§ YOUR INSTRUCTIONS: Each line from the one bearing "Elegant gray ornate" through the last line of the entries below should be returned exactly, with pictures left out.

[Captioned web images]
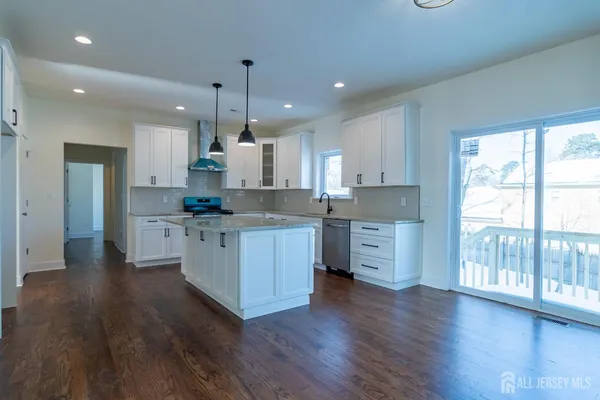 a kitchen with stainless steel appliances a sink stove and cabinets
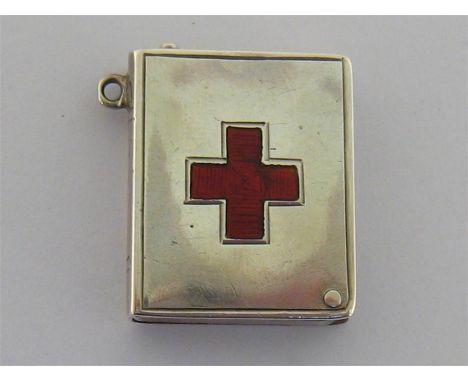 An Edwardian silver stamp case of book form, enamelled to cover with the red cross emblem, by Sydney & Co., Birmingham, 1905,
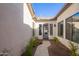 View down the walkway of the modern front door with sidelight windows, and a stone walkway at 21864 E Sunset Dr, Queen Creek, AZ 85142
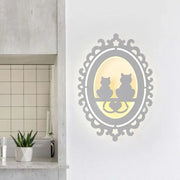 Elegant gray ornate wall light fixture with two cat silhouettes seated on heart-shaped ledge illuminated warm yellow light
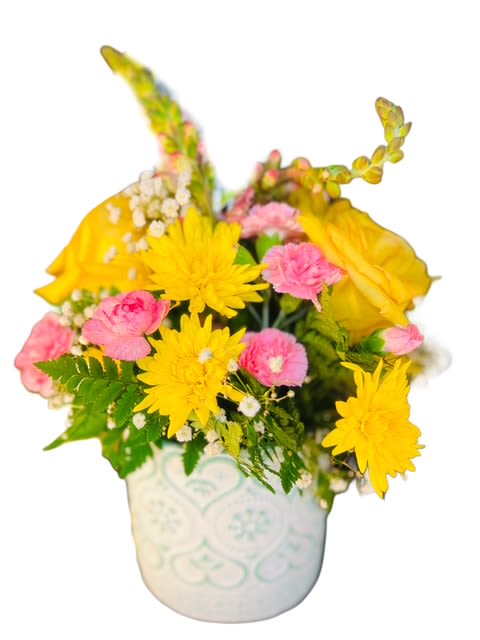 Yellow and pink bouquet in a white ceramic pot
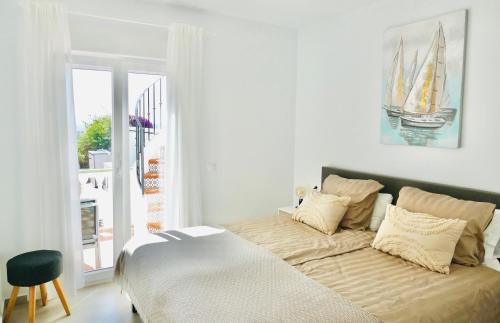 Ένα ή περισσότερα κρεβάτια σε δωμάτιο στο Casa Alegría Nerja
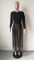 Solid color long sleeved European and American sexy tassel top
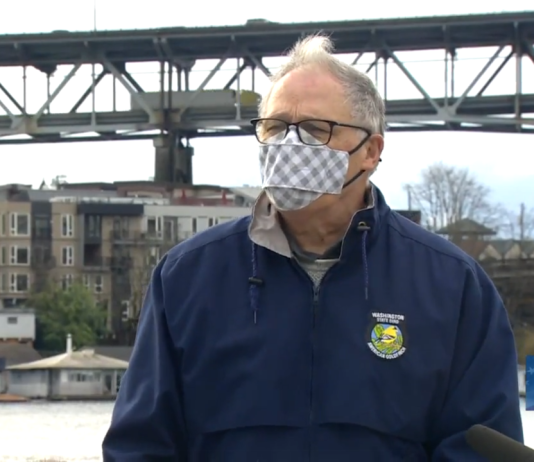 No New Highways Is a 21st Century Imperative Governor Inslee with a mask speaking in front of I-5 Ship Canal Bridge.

§ OUTPUT OF THE EXERCISE:
 Elegant gray ornate wall light fixture with two cat silhouettes seated on heart-shaped ledge illuminated warm yellow light
 Yellow and pink bouquet in a white ceramic pot
 Ένα ή περισσότερα κρεβάτια σε δωμάτιο στο Casa Alegría Nerja
 Solid color long sleeved European and American sexy tassel top
 No New Highways Is a 21st Century Imperative Governor Inslee with a mask speaking in front of I-5 Ship Canal Bridge.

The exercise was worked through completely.